Requirement: Reproduce exactly the entries from the "Elsa frozen rochie" line to the end. Skip all pictures.

━━━ Task inputs ━━━

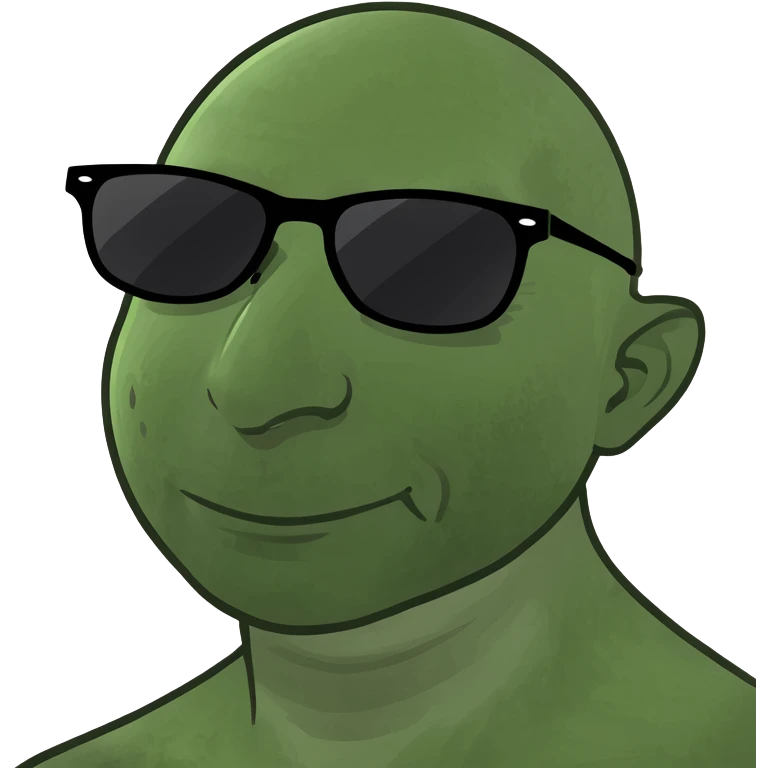 Black guy with sunglasses bald emoji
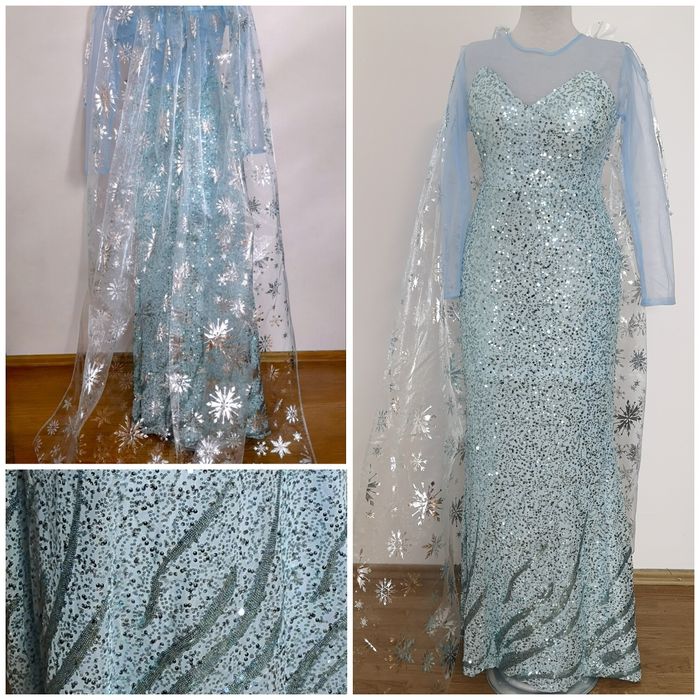 Elsa frozen rochie femei costum fantezie animatori S-M/M-L made în Ro.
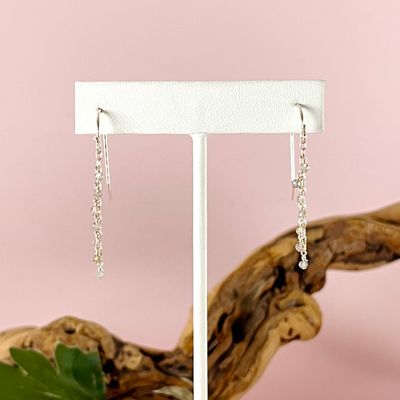 Handmade Earrings with dangle labradorite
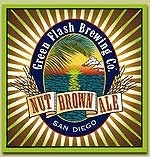 Green Flash Nut Brown beer Label Full Size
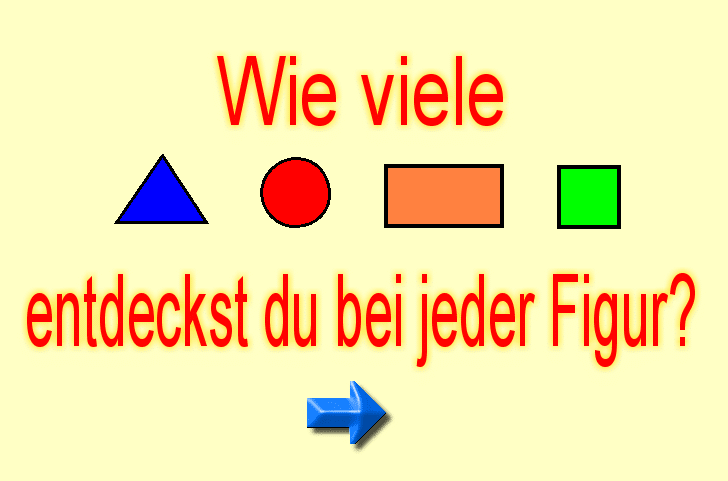 Formen finden, Wahrnehmung, Legasthenie, Dyskalkulie, Computerspiel, Gratisspiel, PC, Eltern, Kinder, Training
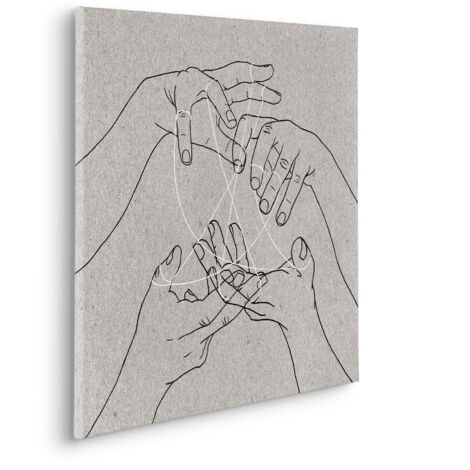 Komar Canvasbild Puppet Show - 60 x 60 cm - Bild auf Keilrahmen - Minimalistisch Modern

━━━

Answer for the task:
 Elsa frozen rochie femei costum fantezie animatori S-M/M-L made în Ro.
 Handmade Earrings with dangle labradorite
 Green Flash Nut Brown beer Label Full Size
 Formen finden, Wahrnehmung, Legasthenie, Dyskalkulie, Computerspiel, Gratisspiel, PC, Eltern, Kinder, Training
 Komar Canvasbild Puppet Show - 60 x 60 cm - Bild auf Keilrahmen - Minimalistisch Modern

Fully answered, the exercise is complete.